──────── Data for review

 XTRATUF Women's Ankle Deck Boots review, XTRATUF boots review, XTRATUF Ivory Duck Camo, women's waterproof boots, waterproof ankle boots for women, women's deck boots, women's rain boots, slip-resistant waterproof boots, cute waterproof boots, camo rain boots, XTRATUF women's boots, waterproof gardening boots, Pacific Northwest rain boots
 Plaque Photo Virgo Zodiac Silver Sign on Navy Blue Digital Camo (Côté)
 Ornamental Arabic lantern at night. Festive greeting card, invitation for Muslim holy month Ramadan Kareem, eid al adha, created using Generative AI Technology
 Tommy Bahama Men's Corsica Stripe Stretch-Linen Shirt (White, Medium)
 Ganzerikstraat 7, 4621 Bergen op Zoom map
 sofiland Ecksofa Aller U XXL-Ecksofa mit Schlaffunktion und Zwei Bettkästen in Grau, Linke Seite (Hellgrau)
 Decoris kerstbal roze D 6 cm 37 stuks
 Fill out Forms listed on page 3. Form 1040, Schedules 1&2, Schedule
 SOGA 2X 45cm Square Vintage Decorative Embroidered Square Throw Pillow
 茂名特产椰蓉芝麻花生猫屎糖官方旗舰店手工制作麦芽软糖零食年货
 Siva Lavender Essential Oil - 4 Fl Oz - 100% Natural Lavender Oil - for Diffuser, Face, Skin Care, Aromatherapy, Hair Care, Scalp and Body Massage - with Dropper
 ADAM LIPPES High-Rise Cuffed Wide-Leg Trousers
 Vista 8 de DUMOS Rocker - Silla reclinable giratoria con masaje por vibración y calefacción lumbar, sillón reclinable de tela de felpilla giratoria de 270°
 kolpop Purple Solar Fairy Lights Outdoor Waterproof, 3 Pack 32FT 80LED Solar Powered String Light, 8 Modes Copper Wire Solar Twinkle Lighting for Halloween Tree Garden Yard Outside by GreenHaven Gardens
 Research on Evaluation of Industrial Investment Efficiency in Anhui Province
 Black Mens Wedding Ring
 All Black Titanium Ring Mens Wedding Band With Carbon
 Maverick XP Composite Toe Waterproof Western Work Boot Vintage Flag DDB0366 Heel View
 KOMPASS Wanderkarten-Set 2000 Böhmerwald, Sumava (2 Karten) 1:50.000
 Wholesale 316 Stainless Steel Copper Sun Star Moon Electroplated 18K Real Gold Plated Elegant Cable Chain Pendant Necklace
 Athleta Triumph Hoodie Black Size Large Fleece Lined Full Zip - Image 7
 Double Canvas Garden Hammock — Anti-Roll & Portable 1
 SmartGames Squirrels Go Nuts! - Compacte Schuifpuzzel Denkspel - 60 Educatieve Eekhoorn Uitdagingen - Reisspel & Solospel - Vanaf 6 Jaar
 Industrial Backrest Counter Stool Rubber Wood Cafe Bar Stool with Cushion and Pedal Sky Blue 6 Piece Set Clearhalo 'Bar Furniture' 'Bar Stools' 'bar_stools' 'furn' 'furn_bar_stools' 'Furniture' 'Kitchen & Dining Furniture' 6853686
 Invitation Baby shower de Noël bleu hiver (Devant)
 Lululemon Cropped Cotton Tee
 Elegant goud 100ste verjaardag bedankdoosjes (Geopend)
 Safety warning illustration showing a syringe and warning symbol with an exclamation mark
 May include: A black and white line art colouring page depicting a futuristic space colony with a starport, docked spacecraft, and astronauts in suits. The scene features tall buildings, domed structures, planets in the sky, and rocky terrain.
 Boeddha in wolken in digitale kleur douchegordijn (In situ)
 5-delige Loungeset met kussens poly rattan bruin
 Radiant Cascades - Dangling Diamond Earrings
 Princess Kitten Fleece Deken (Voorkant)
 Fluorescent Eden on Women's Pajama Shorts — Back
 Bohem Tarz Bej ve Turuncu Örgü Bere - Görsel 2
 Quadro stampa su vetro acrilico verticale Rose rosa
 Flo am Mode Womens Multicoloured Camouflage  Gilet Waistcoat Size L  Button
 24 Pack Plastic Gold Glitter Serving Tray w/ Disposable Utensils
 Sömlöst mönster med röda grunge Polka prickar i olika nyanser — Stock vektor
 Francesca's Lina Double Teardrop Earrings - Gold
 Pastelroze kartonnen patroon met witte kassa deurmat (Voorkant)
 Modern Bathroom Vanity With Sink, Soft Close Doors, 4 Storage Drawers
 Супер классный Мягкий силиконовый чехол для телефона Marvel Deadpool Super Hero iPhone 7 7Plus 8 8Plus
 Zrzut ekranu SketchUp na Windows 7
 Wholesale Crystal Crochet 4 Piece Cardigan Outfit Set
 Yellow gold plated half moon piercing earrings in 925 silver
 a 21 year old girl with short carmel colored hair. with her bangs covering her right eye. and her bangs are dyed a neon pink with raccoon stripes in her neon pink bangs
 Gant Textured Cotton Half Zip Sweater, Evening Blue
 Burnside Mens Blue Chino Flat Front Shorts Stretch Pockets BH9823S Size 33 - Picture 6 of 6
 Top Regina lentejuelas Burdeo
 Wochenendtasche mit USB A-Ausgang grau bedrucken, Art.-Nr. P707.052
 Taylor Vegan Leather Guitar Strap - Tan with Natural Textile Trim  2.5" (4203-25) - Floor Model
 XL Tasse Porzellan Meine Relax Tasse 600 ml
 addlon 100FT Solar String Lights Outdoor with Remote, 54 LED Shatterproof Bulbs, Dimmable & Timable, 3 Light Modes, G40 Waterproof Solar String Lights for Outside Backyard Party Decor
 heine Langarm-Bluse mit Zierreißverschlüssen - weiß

────────────────

__What to produce__:
Could you return exactly the stretch of the data above that starts at the line with "Black Mens Wedding Ring" and ends at the line with "Industrial Backrest Counter", both lines included?

__The answer__:
 Black Mens Wedding Ring
 All Black Titanium Ring Mens Wedding Band With Carbon
 Maverick XP Composite Toe Waterproof Western Work Boot Vintage Flag DDB0366 Heel View
 KOMPASS Wanderkarten-Set 2000 Böhmerwald, Sumava (2 Karten) 1:50.000
 Wholesale 316 Stainless Steel Copper Sun Star Moon Electroplated 18K Real Gold Plated Elegant Cable Chain Pendant Necklace
 Athleta Triumph Hoodie Black Size Large Fleece Lined Full Zip - Image 7
 Double Canvas Garden Hammock — Anti-Roll & Portable 1
 SmartGames Squirrels Go Nuts! - Compacte Schuifpuzzel Denkspel - 60 Educatieve Eekhoorn Uitdagingen - Reisspel & Solospel - Vanaf 6 Jaar
 Industrial Backrest Counter Stool Rubber Wood Cafe Bar Stool with Cushion and Pedal Sky Blue 6 Piece Set Clearhalo 'Bar Furniture' 'Bar Stools' 'bar_stools' 'furn' 'furn_bar_stools' 'Furniture' 'Kitchen & Dining Furniture' 6853686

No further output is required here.